+++ AVAILABLE DATA +++

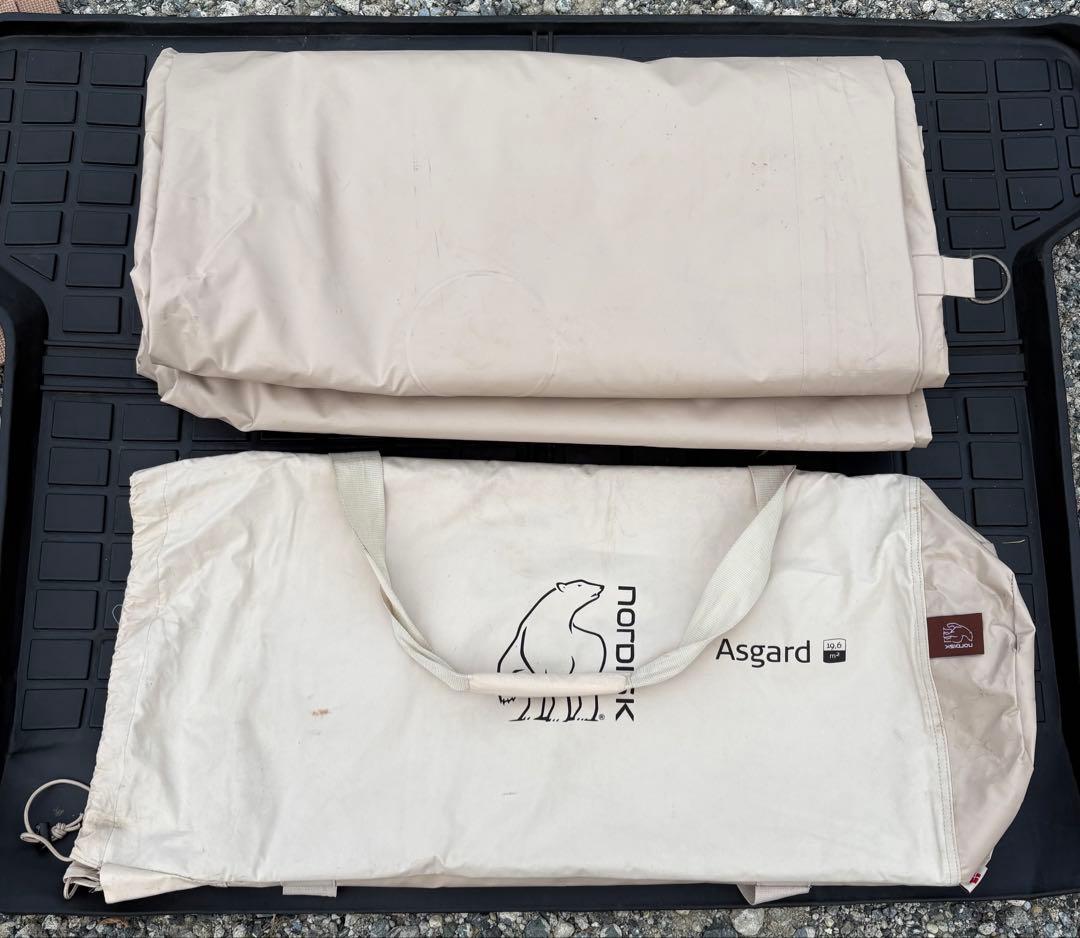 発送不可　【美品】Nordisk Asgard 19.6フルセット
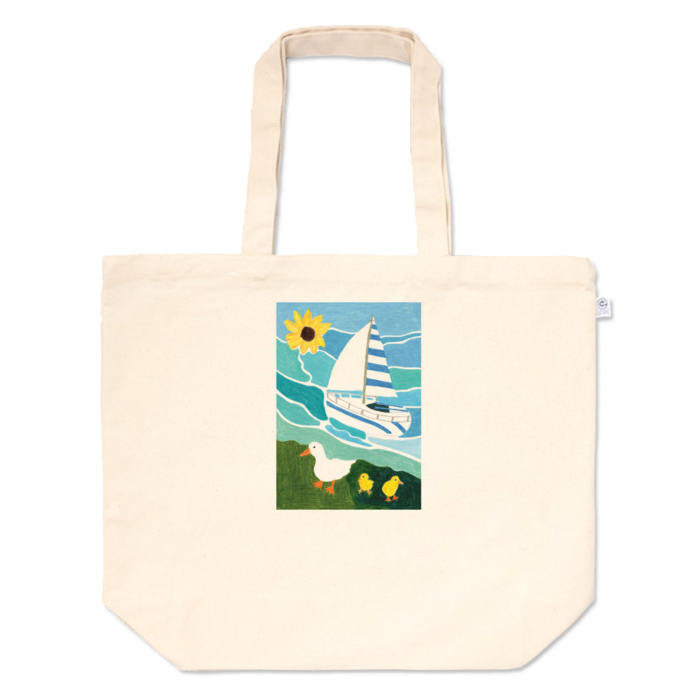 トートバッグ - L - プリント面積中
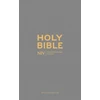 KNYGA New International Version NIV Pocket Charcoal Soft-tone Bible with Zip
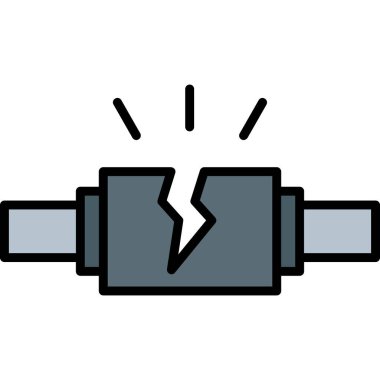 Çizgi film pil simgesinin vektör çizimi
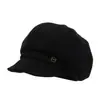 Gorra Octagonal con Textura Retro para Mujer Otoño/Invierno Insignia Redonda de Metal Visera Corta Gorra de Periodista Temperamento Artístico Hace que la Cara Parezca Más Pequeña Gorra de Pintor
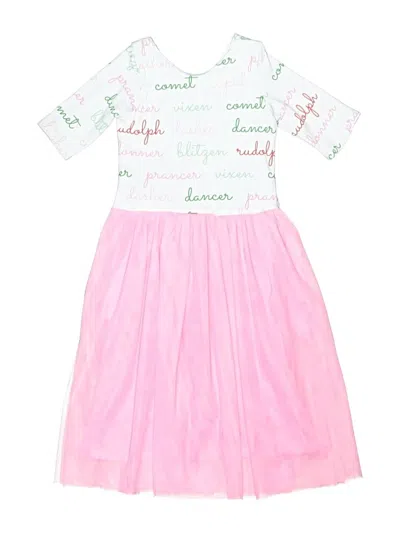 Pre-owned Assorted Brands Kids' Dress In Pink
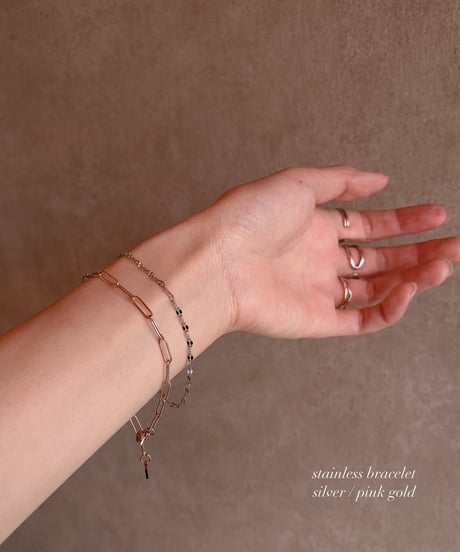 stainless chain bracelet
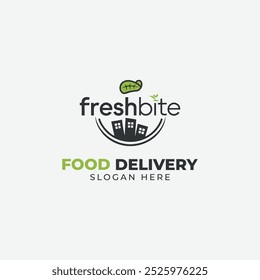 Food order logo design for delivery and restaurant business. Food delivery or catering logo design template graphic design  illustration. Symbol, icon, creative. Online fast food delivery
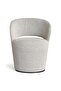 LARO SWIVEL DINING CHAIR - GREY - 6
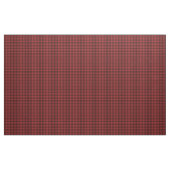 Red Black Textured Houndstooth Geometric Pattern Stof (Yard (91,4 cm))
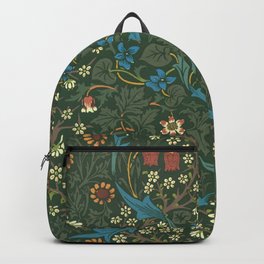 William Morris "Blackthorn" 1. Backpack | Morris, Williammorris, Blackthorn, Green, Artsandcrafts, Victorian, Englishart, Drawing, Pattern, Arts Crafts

+++

> **ACTION ITEM**:
What you should return is the exact text of every line from the top of the entries through the line with "LARO SWIVEL DINING CHAIR - GREY - 6", pictures removed.

> **RESULT OF THIS TASK**:
 発送不可　【美品】Nordisk Asgard 19.6フルセット
 トートバッグ - L - プリント面積中
 KNYGA New International Version NIV Pocket Charcoal Soft-tone Bible with Zip
 Çizgi film pil simgesinin vektör çizimi
 Gorra Octagonal con Textura Retro para Mujer Otoño/Invierno Insignia Redonda de Metal Visera Corta Gorra de Periodista Temperamento Artístico Hace que la Cara Parezca Más Pequeña Gorra de Pintor
 Pre-owned Assorted Brands Kids' Dress In Pink
 stainless chain bracelet
 Food order logo design for delivery and restaurant business. Food delivery or catering logo design template graphic design  illustration. Symbol, icon, creative. Online fast food delivery
 LARO SWIVEL DINING CHAIR - GREY - 6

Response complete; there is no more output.